Nothing outside the range is to be copied. From the entries below, reproduce exactly the lines starting at the one with "MURAH!!500 gram KERUPUK" and ending at the one with "Sail NYC's skyline in style!", without pictures.

# [GIVEN INFORMATION]
════════════════════

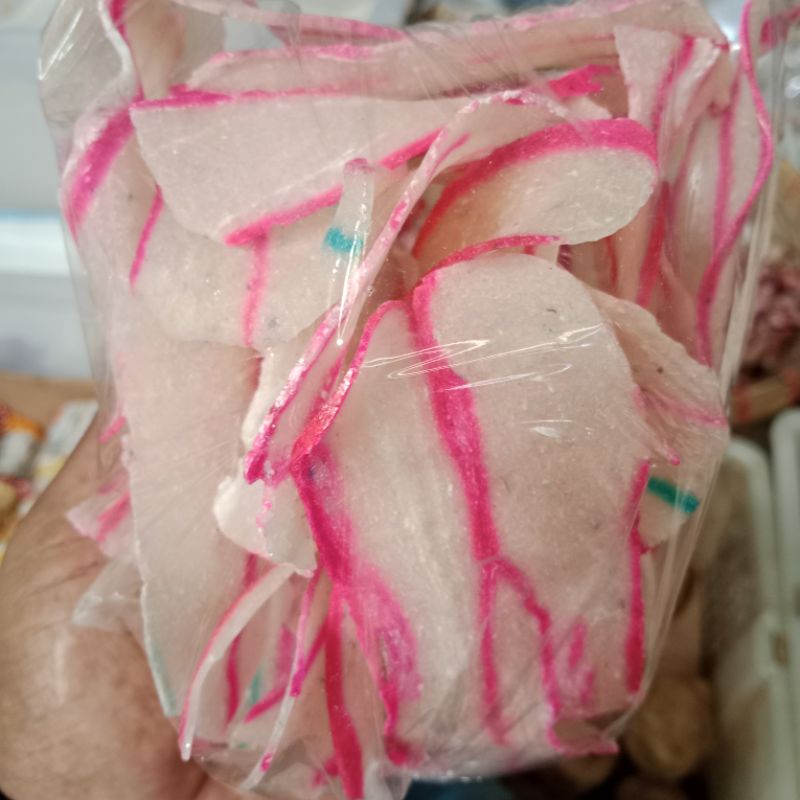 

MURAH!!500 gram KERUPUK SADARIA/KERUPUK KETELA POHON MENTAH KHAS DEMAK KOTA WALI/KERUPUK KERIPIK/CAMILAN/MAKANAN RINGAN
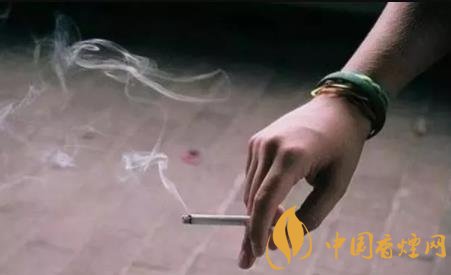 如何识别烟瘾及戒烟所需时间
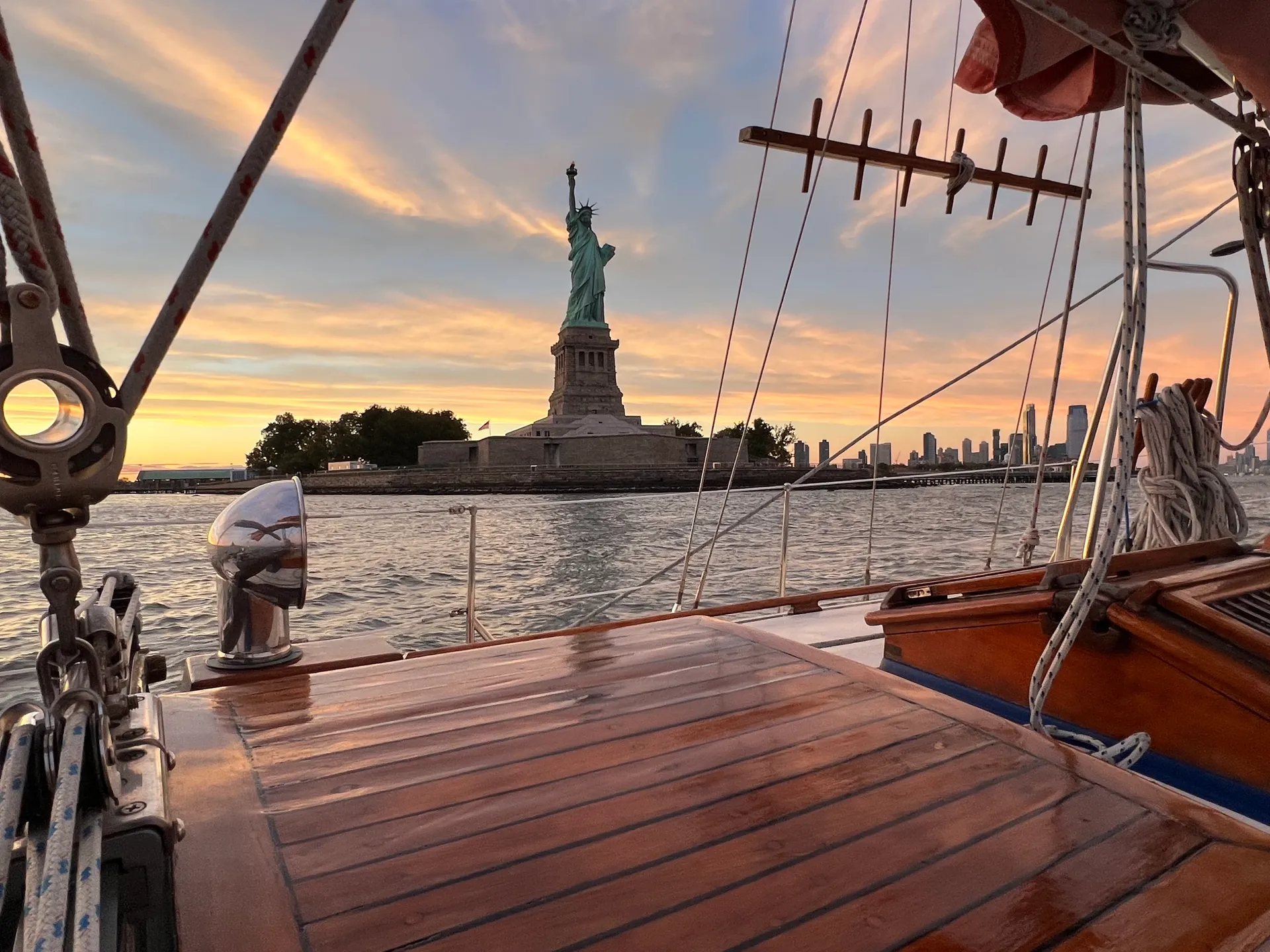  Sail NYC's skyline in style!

════════════════════

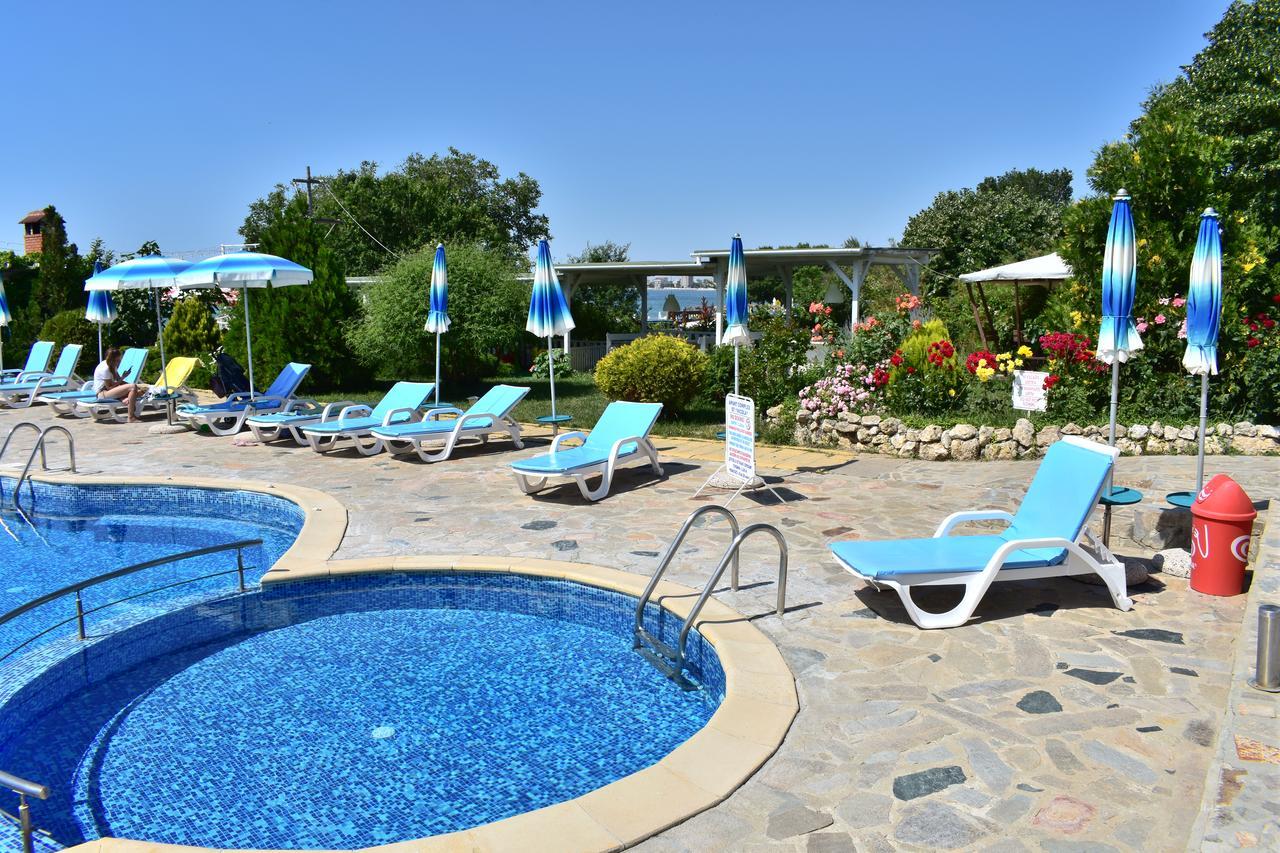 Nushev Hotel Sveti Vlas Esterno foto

════════════════════

# [SOLUTION TO THE EXERCISE]
MURAH!!500 gram KERUPUK SADARIA/KERUPUK KETELA POHON MENTAH KHAS DEMAK KOTA WALI/KERUPUK KERIPIK/CAMILAN/MAKANAN RINGAN
 如何识别烟瘾及戒烟所需时间
  Sail NYC's skyline in style!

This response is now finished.